→ DATA FOR PROCESSING:
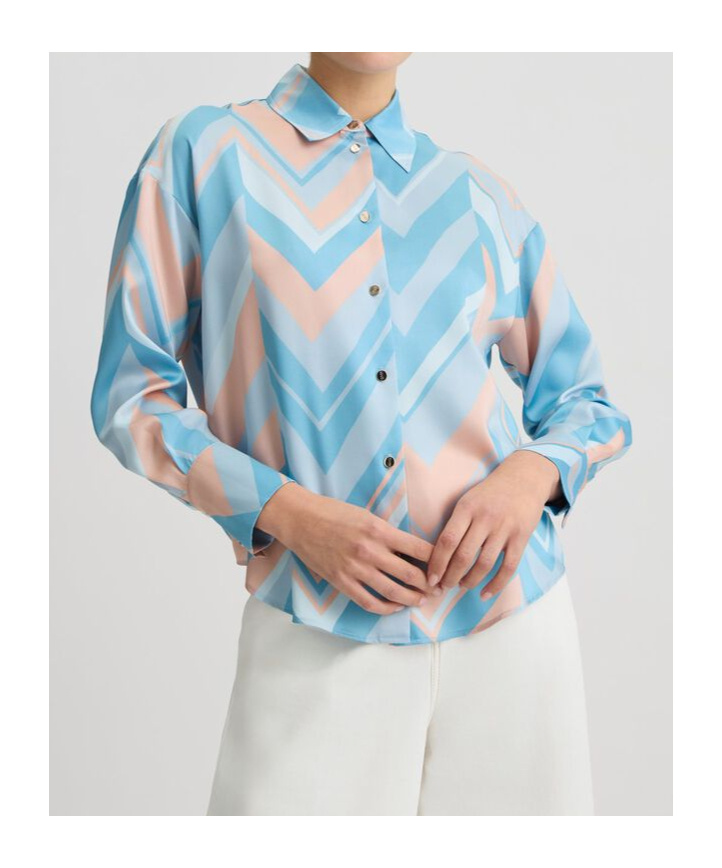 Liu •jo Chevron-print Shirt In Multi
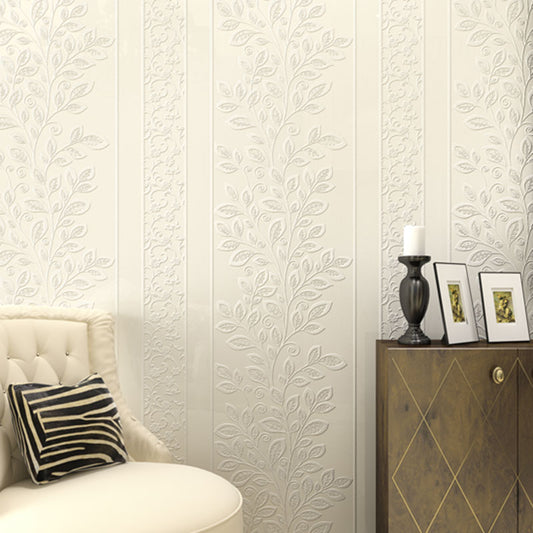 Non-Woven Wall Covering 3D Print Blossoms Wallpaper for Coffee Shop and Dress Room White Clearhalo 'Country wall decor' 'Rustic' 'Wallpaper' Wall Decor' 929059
==
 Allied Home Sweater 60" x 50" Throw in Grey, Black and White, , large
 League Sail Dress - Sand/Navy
==
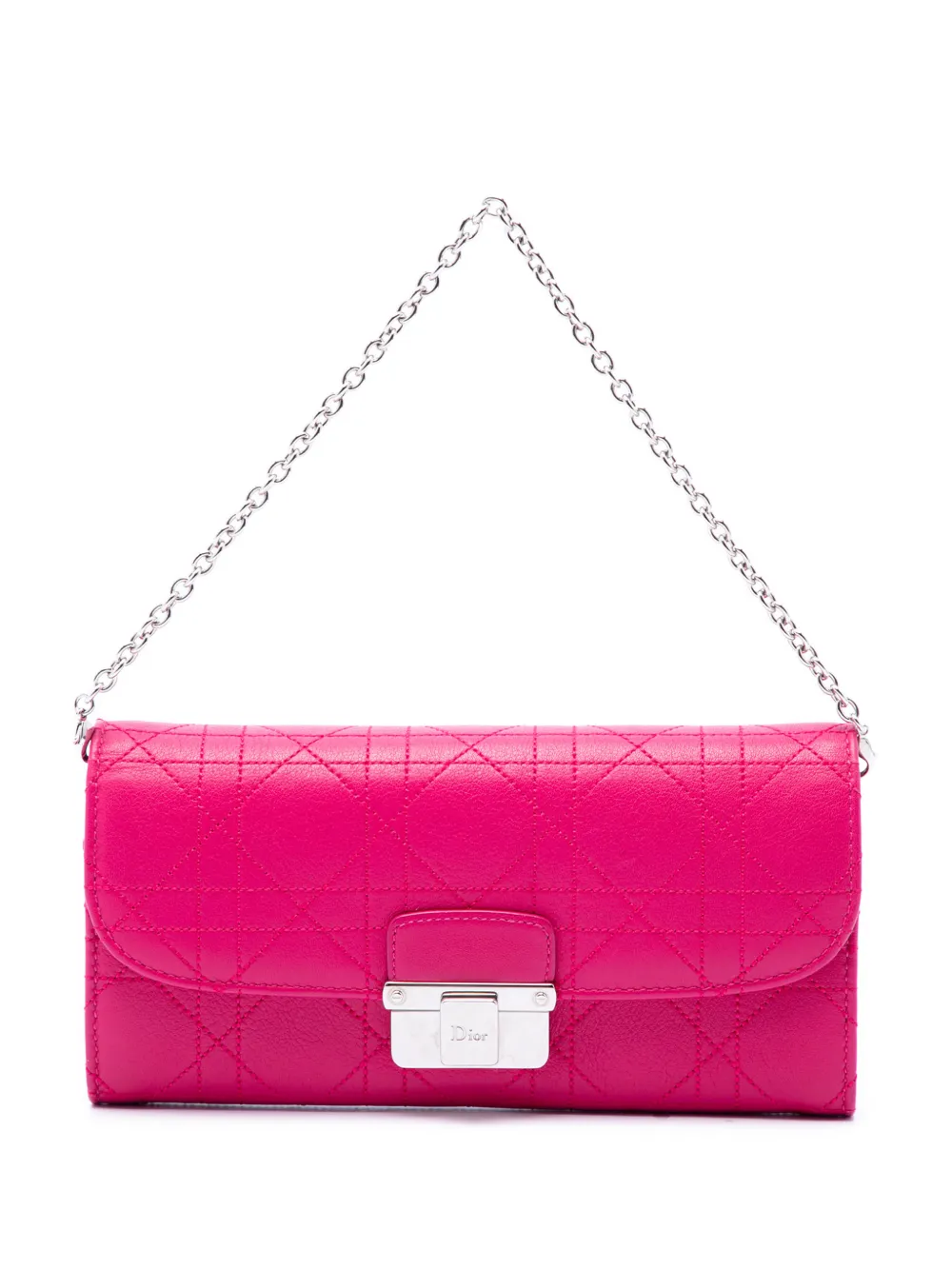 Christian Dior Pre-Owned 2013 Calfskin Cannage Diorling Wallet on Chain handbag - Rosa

→ WHAT TO PRODUCE:
Above are some records. Reproduce the lines from the one with "Liu •jo Chevron-print Shirt In Multi" down to the one with "Non-Woven Wall Covering", keeping both, and leave every picture out.

→ TASK RESPONSE:
 Liu •jo Chevron-print Shirt In Multi
 Non-Woven Wall Covering 3D Print Blossoms Wallpaper for Coffee Shop and Dress Room White Clearhalo 'Country wall decor' 'Rustic' 'Wallpaper' Wall Decor' 929059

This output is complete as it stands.